It's a very nice work, although it doesn't contend with the six quartets.


----------



## Quartetfore

I had some of his quartets years ago, and did not care for them. However I think that I will take another look.


----------



## Andreas

I have the complete set by the Melos Quartett, and I must say I treasure it greatly. Especially quartets nos. 3 to 6. Compared to Beethoven's late quartets they may sound harmless and lacking in spiritual depth. But I find them charming and full of ésprit.


----------



## Novelette

French "school" string quartet writing in the first 30 years of the 19th century was more or less insulated, rather emphasizing sparkling brilliance than we would find in the Austrian and German string quartet writing in that era, with a few notable exceptions.

Beethoven's works were very slow to be embraced by the French Conservatory, of which Cherubini was eventually the director. Cherubini was surely more heavily influenced by Boccherini's style than by Beethoven's, and so we would expect these string quartets to be of a more virtuosic style, without the kind of profound depth that we adore so much in Beethoven's string quartets. Cherubini's instrumental voice was a highly unique and individual one, not so easily related to any particular composer.

They can take some time to become attached to, but there are brilliantly composed; a joy to listen to!


----------



## KenOC

Novelette said:


> French "school" string quartet writing in the first 30 years of the 19th century was more or less insulated, rather emphasizing sparkling brilliance than we would find in the Austrian and German string quartet writing in that era, with a few notable exceptions.
> 
> Beethoven's works were very slow to be embraced by the French Conservatory, of which Cherubini was eventually the director. Cherubini was surely more heavily influenced by Boccherini's style than by Beethoven's, and so we would expect these string quartets to be of a more virtuosic style, without the kind of profound depth that we adore so much in Beethoven's string quartets. Cherubini's instrumental voice was a highly unique and individual one, not so easily related to any particular composer.
> 
> They can take some time to become attached to, but there are brilliantly composed; a joy to listen to!

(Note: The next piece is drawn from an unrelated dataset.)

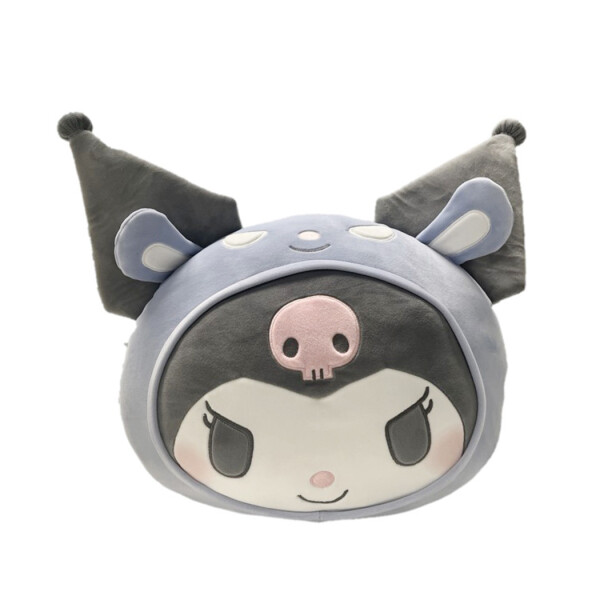 Almohadón Sanrio Kuromi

Agree! A good example is the Basque composer Arriaga, who studied under Fetis at the Paris Conservatoire and seems to have had instruction duties as well. His three quartets, written at age 16 (!), are indeed "brilliantly composed and a joy to listen to."

Although they were written around 1823, they know no Beethoven after the Op. 18 of 1800-1801, which obviously inspired them. Arriaga died at age 19.


----------



## Novelette

KenOC said:


> Agree! A good example is the Basque composer Arriaga, who studied under Fetis at the Paris Conservatoire and seems to have had instruction duties as well. His three quartets, written at age 16 (!), are indeed "brilliantly composed and a joy to listen to."
> 
> Although they were written around 1823, they know no Beethoven after the Op. 18 of 1800-1801, which obviously inspired them. Arriaga died at age 19.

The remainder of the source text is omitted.